Global Defense & National Security Systems, Inc.

October 18, 2013

Page 2

  

In our examination, we have assumed the genuineness of all signatures, the legal capacity and competency of all natural persons, the authenticity of all documents submitted to us as originals, the conformity to original documents of all documents submitted to us as facsimile, electronic, certified or photostatic copies, and the authenticity of the originals of such copies. In making our examination of executed documents, we have assumed that the parties thereto, other than the Company, had the power, corporate or other, to enter into and perform all obligations thereunder and have also assumed the due authorization by all requisite action, corporate or other, and the execution and delivery by such parties of such documents and the validity and binding effect thereof on such parties and that each of the documents identified in clauses (c)(i) through (c)(ii) of the preceding paragraph will be entered into or filed or adopted as appropriate.

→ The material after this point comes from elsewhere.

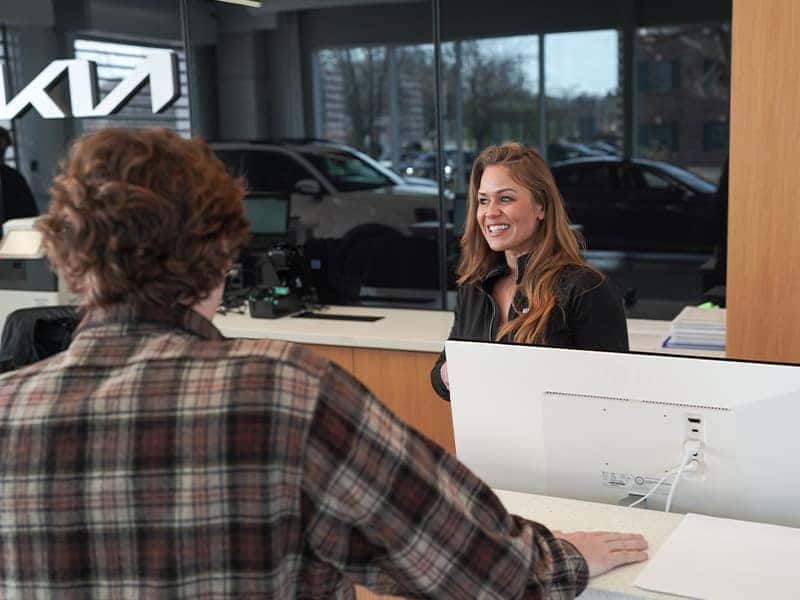 Service advisor assisting a customer during a vehicle service visit at the dealership service desk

As to any facts relevant to the opinion stated herein that we did not independently establish or verify, we have relied upon statements and representations of officers and other representatives of the Company and of public officials.

 

Our opinion set forth herein is limited to the General Corporation Law of the State of Delaware that, in our experience, is normally applicable to transactions of the type contemplated by the Registration Statement (including applicable provisions of the Delaware constitution and reported judicial interpretations interpreting Delaware corporate laws) and, to the extent that judicial or regulatory orders or decrees or consents, approvals, licenses, authorizations, validations, filings, recordings or registrations with governmental authorities are relevant, to those required under such laws (all of the foregoing being referred to as “Opined on Law”). We do not express any opinion with respect to the law of any jurisdiction other than Opined on Law or as to the effect of any such non-Opined on Law on the opinion herein.

 

Based upon and subject to the foregoing, we are of the opinion that the Securities will be duly authorized, validly issued, fully paid and nonassessable when delivered to and paid for by the underwriters in accordance with the terms of the Underwriting Agreement.

 

We hereby consent to the filing of this opinion with the Commission as an exhibit to the Registration Statement. We also hereby consent to the reference to our firm under the heading “Legal Matters” in the prospectus forming a part of the Registration Statement. In giving this consent, we do not thereby admit that we are included in the category of persons whose consent is required under Section 7 of the Securities Act or the rules and regulations of the Commission promulgated thereunder. This opinion is expressed as of the date hereof unless otherwise expressly stated, and we disclaim any undertaking to advise you of any subsequent changes in the facts stated or assumed herein or of any subsequent changes in applicable law.